O músculo é um dos tecidos mais importantes quando falamos de saúde e prevenção do diabetes. Toda vez que ele está ativo, contraindo, ele consegue absorver glicose do sangue, contribuindo para um melhor controle glicêmico independentemente da insulina. É como se o corpo abrisse um novo caminho para a glicose, e um caminho com diversos benefícios! É por isso que o exercício físico é considerado um dos pilares mais eficazes no tratamento de pessoas com resistência à insulina e diabetes. Mas também é uma estratégia valiosa para qualquer pessoa que deseje mais flexibilidade metabólica. E isso não significa virar atleta. Significa andar mais, usar menos o carro, subir escada. Simples assim.

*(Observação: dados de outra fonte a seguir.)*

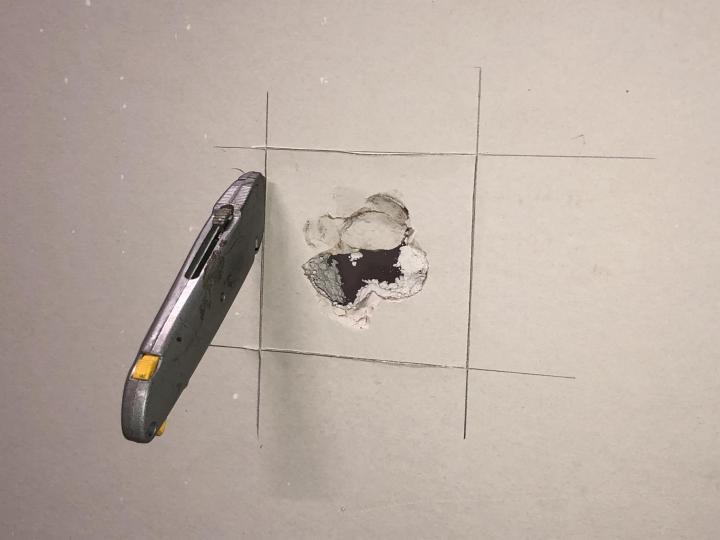 Utility knife next to a damaged wall. A hole is outlined with pencil.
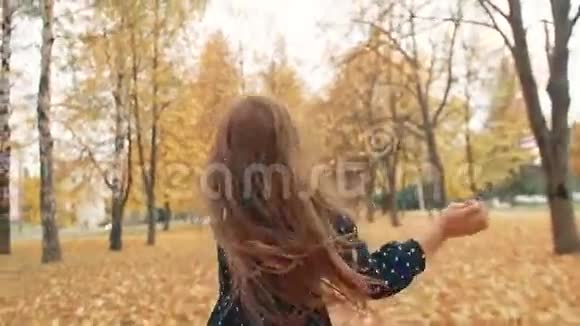 快乐可爱的卷发小女孩穿着圆点花纹的裙子穿过公园里的秋巷视频的预览图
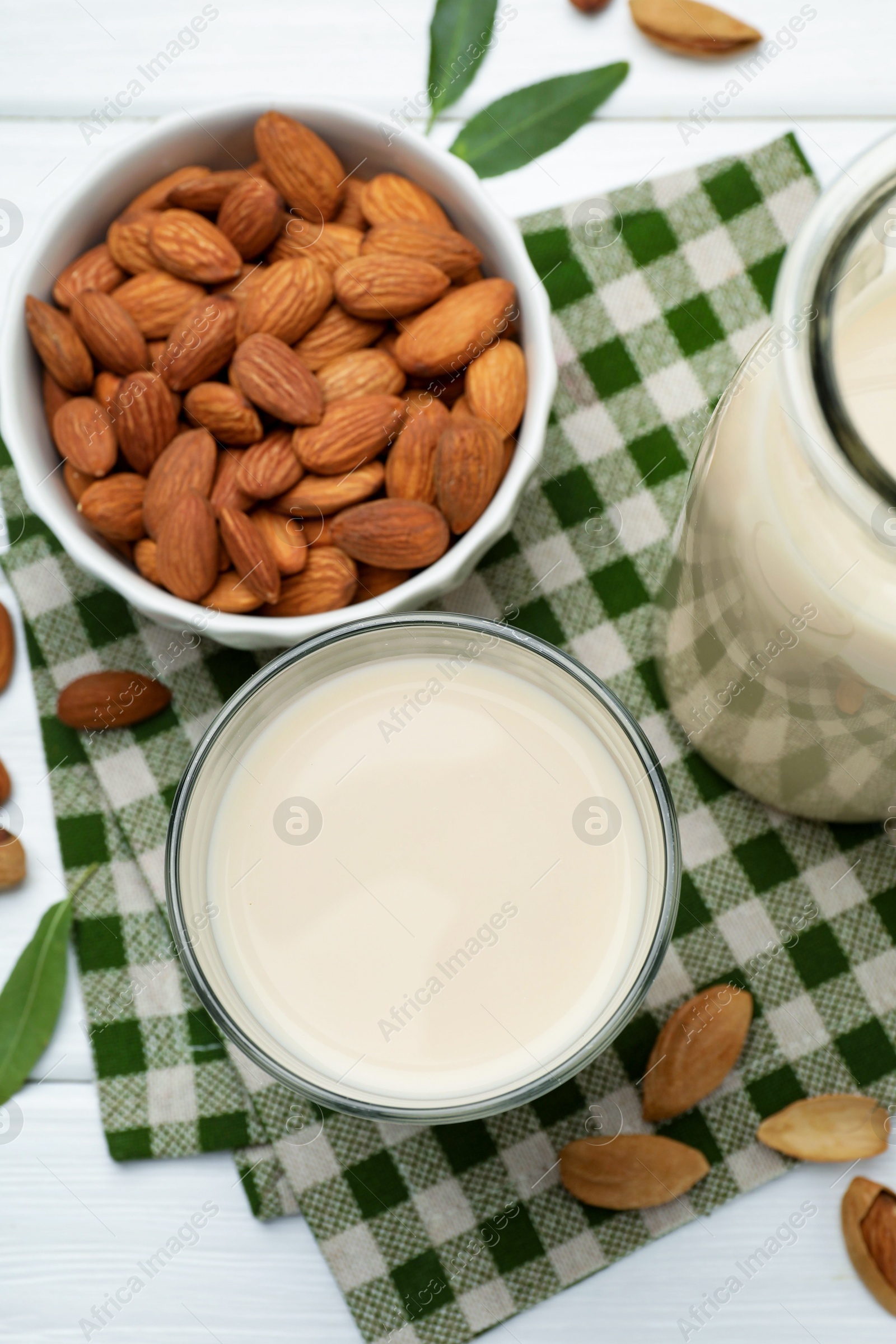 Photo of Fresh nut milk, almonds and green leaves on white wooden table, flat lay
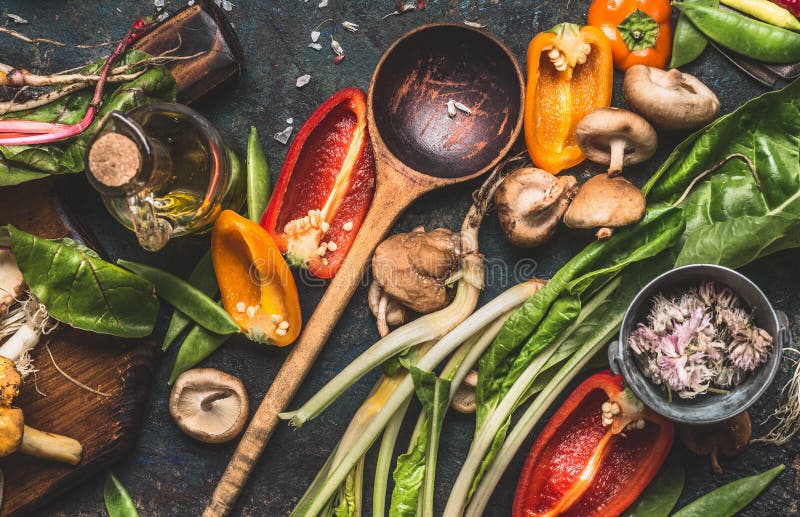 Divers légumes frais avec la cuillère à cuire en bois pour la consommation et la nutrition saines sur le fond rustique foncé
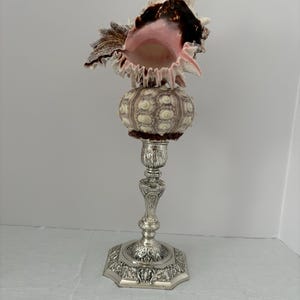 Pode incluir: Um objeto decorativo com uma base de castiçal de metal prateado com um pé hexagonal ornamentado. Sobre o castiçal repousa um ouriço-do-mar redondo e texturizado, encimado por uma grande concha espinhosa com um interior cor-de-rosa.
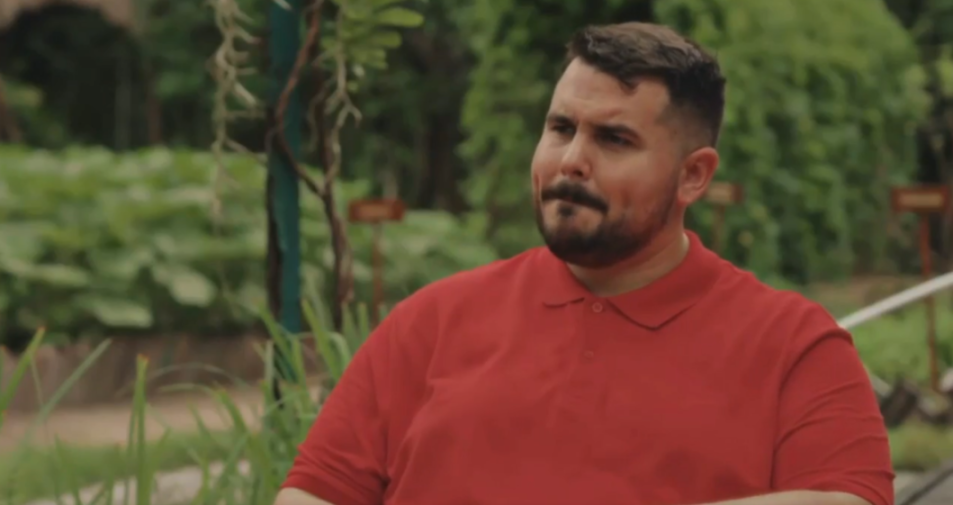 A man with a beard and mustache wearing a red polo shirt.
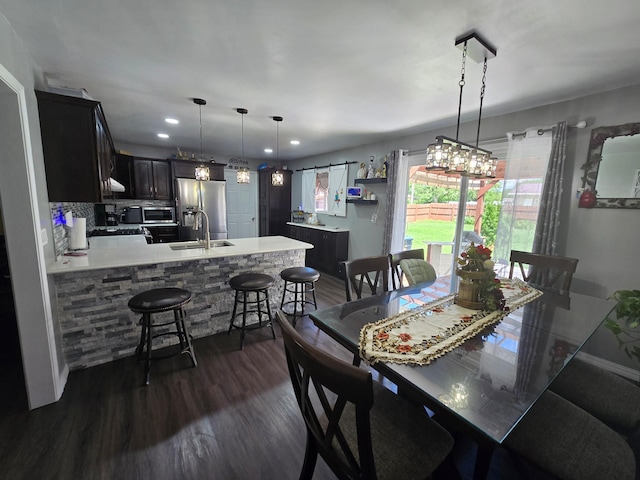1101 7th Ave SW, Pipestone, MN 56164 - dining room featuring dark wood-type flooring and recessed lighting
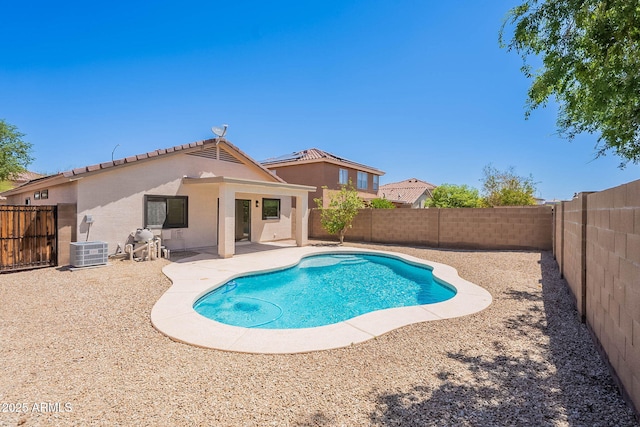 11805 W Sunnyside Dr, El Mirage, AZ 85335 - view of pool featuring central AC unit, a fenced backyard, and a patio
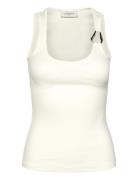 Cmsiv-To Is A Tight-Fitting Top In A Thick, Ribbed Material With A Lot...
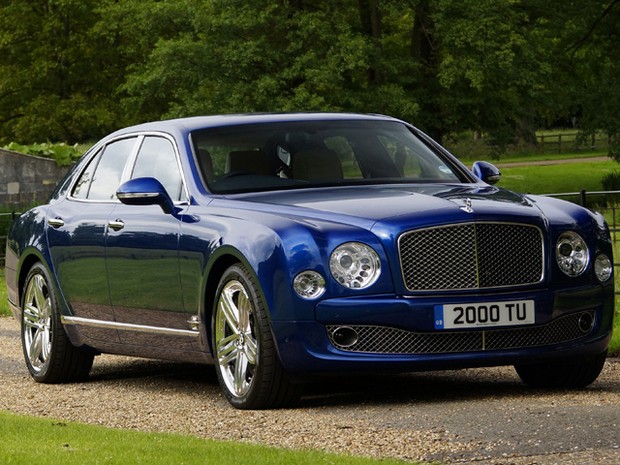 a blue bentley mulsworth limousine parked on a driveway
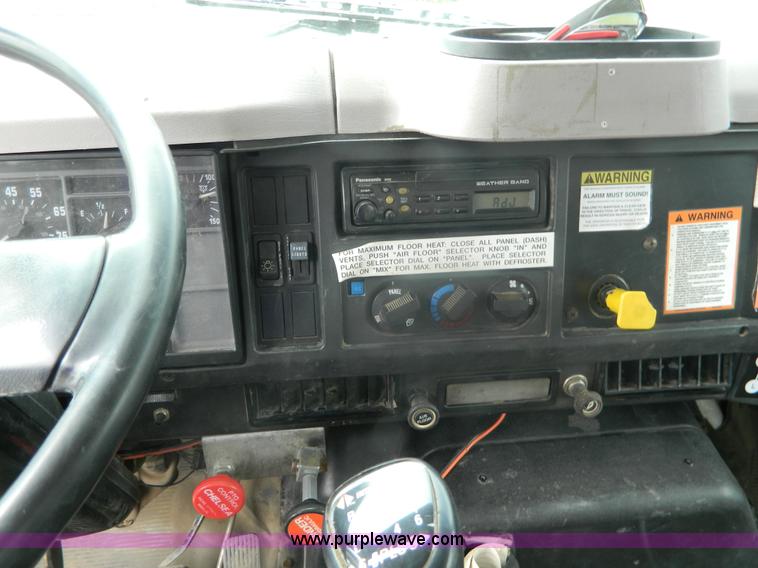 image for item K8102 1999 International 4900 flatbed dump truck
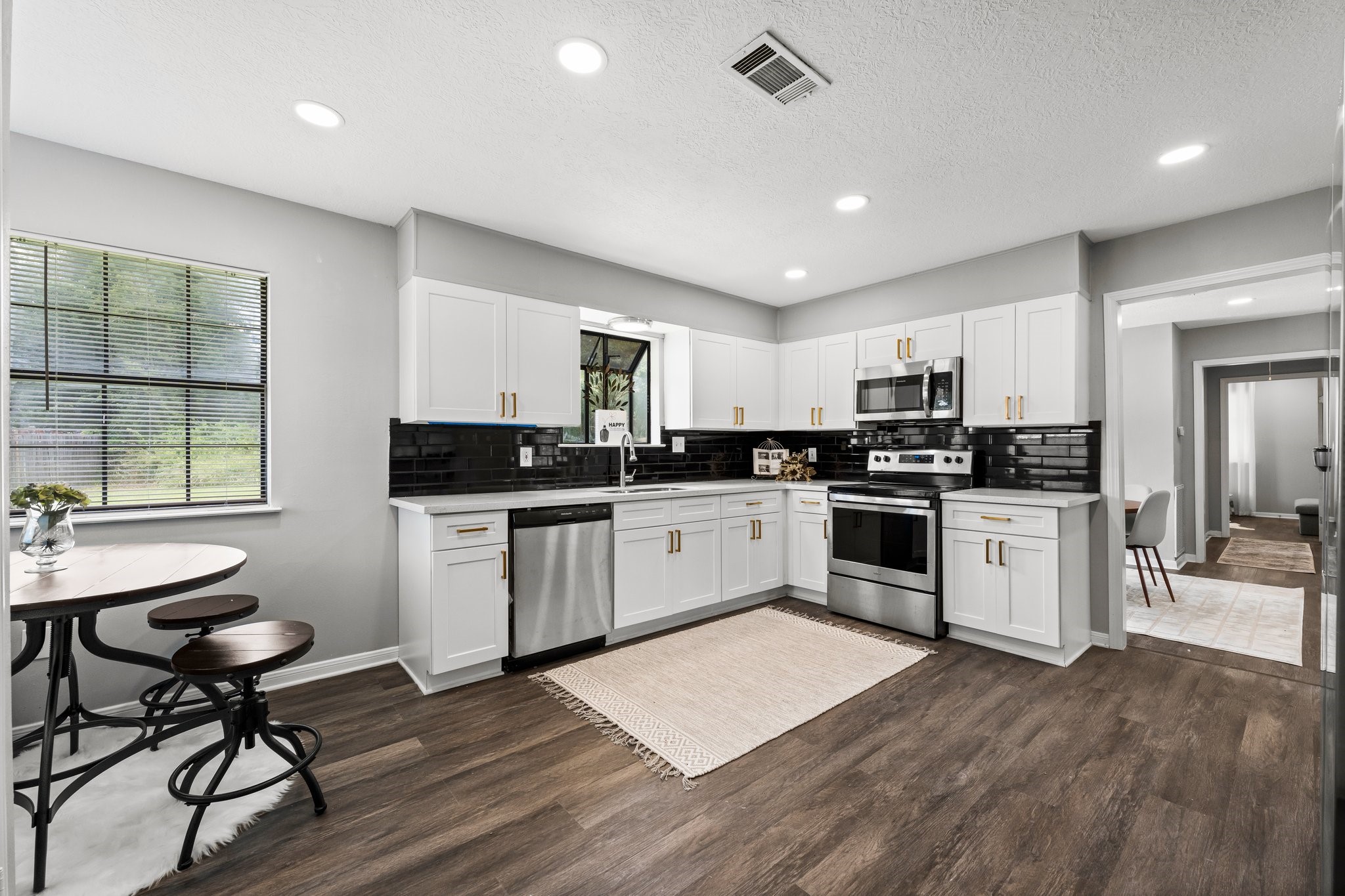 7280 Click Drive Beaumont, TX 77708 - Photo 10 of 39 This modern kitchen features sleek white cabinetry with gold handles, stainless steel appliances, and a stylish black tile backsplash. The room is well-lit with recessed lighting and has a cozy breakfast nook by the window, offering a pleasant view of the outdoors. The dark wood flooring adds warmth and contrast to the space.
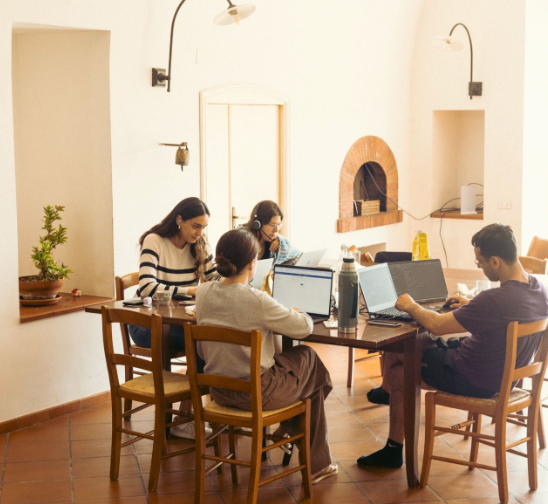 Coworking session with digital nomads in a coliving space in Italy at Masseria Olga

Em meus atendimentos clínicos estabeleço poucas regras com os pacientes, mas uma delas é: se você adora comer carboidratos e um docinho (e quem não gosta?), precisa se mexer. O tecido que sabe lidar melhor com os carboidratos é o músculo. Toda vez que ativamos nossa musculatura, nosso corpo se torna mais inteligente para lidar com carboidratos. Não quero que você pense em gasto calórico, mas em sabedoria corporal.
Outra abordagem que tem ganhado atenção é a ordem dos alimentos na refeição. Um estudo mostrou que, em pessoas com diabetes tipo 2, começar pelos vegetais e proteínas e deixar o carboidrato por último reduziu quase pela metade o pico de glicose após a refeição. Já em indivíduos saudáveis a diferença parece ser mais discreta, o que reforça a ideia de que nem todo mundo precisa se preocupar tanto com isso.
A verdade é que estamos gastando muita energia com cálculos que pouco impactam nossa saúde na vida real. Talvez o pico que devemos atacar não seja o da glicemia, mas o do excesso de controle, ansiedade e culpa que só prejudica nossa relação com o corpo e com a comida e que, esse sim, pode adoecer rapidamente.